Cette nouvelle position de l’Espagne constitue le coup de grâce pour l’Algérie et ses affidés séparatistes. Profondément vexé, le régime algérien a réagi impulsivement en décidant le rappel avec «effet immédiat» de son ambassadeur à Madrid après les déclarations du chef du gouvernement espagnol qui constituent, selon Alger, un «brusque revirement» de position sur la question du Sahara marocain.

«Très étonnées par les déclarations des plus hautes autorités espagnoles relatives au dossier du Sahara, les autorités algériennes, surprises par ce brusque revirement de position de l'ex-puissance administrante du Sahara, ont décidé le rappel de leur ambassadeur à Madrid pour consultation avec effet immédiat», a indiqué le ministère des Affaires étrangères algérien dans un communiqué.

«La «colère» du régime algérien montre une fois de plus la frustration qu’il ressent surtout après le nouveau contrat gazier conclu entre le gouvernement espagnol et le régime d’Alger », a souligné Moussaoui Ajlaoui.

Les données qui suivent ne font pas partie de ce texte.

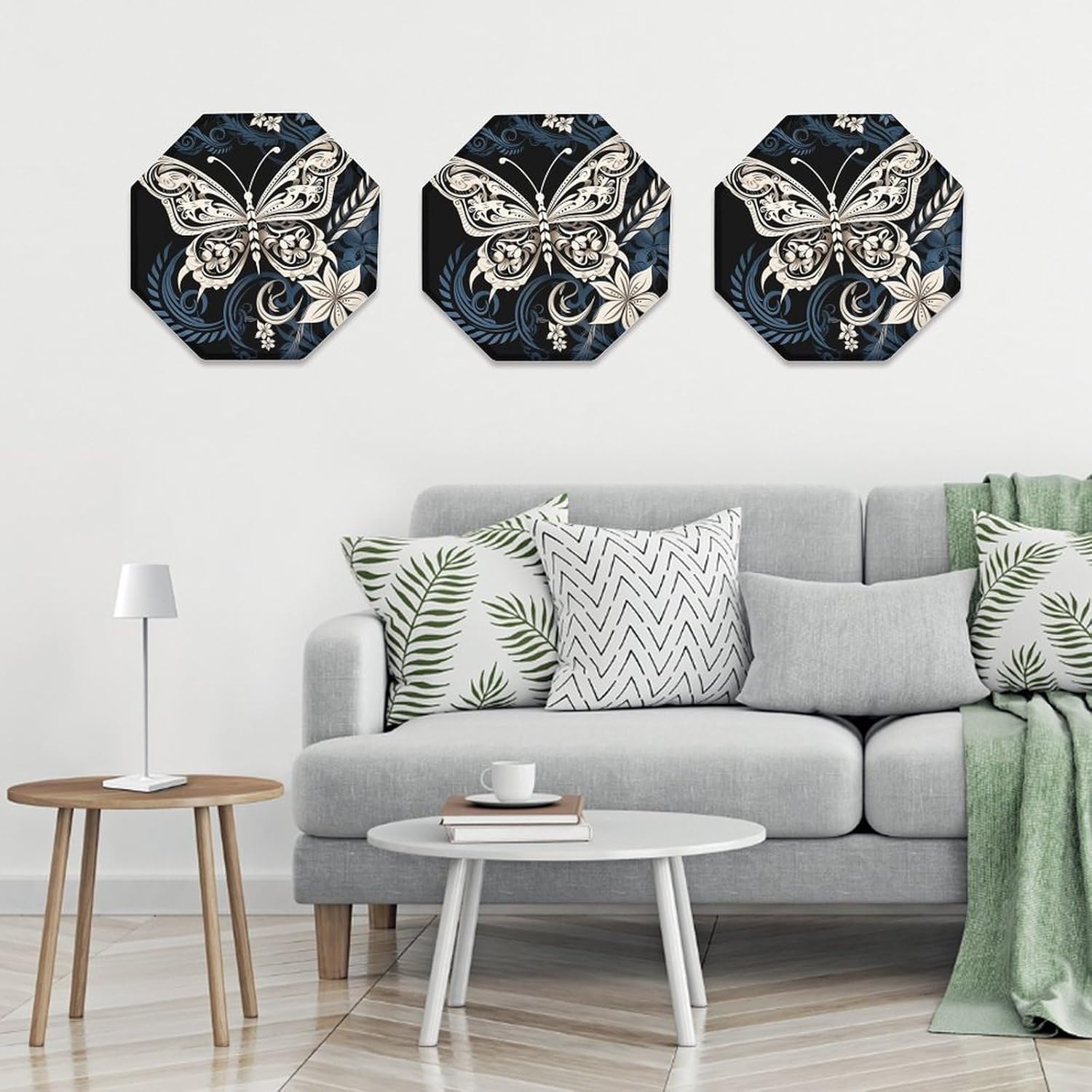 Ctagon Metal Sign for Home, Modern Display Plate for Kitchen, White Butterflies And Tribal Plates Accent Hanging Wall Decorations 3PCS for Living Room, Bedroom, Hallway, Hotel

Et de préciser : « La position algérienne montre une fois de plus que l'Algérie est la principale partie dans l’affaire du Sahara, alors que le Polisario n'est qu'une marionnette entre les mains du régime algérien. La décision de l'Espagne est une décision souveraine qui n’a aucun rapport avec les affaires intérieures de l’Algérie, pourquoi, donc, le régime algérien se sent vexé et convoque son ambassadeur pour consultation?
Pourquoi n'a-t-il pas retiré son ambassadeur des Etats-Unis d'Amérique après la reconnaissance par Donald Trump de la marocanité du Sahara ? Et pourquoi n'a-t-il pas retiré ses ambassadeurs d'un certain nombre de pays arabes qui ont exprimé la même opinion, tels le Bahreïn, les Emirats arabes unis, entre autres ? Cela montre la justesse de l’affirmation marocaine selon laquelle l'Algérie est la principale partie dans ce conflit ».

Quant à la position de la France, Moussaoui Ajlaoui a estimé qu’il faut attendre les résultats des prochaines élections présidentielles. « Certes, la France a toujours défendu le Royaume au sein du Conseil de sécurité et appuie le plan d’autonomie. Mais le Maroc attend que Paris fasse un pas en avant qui pourrait unir l'Europe occidentale quant à la question du Sahara  marocain».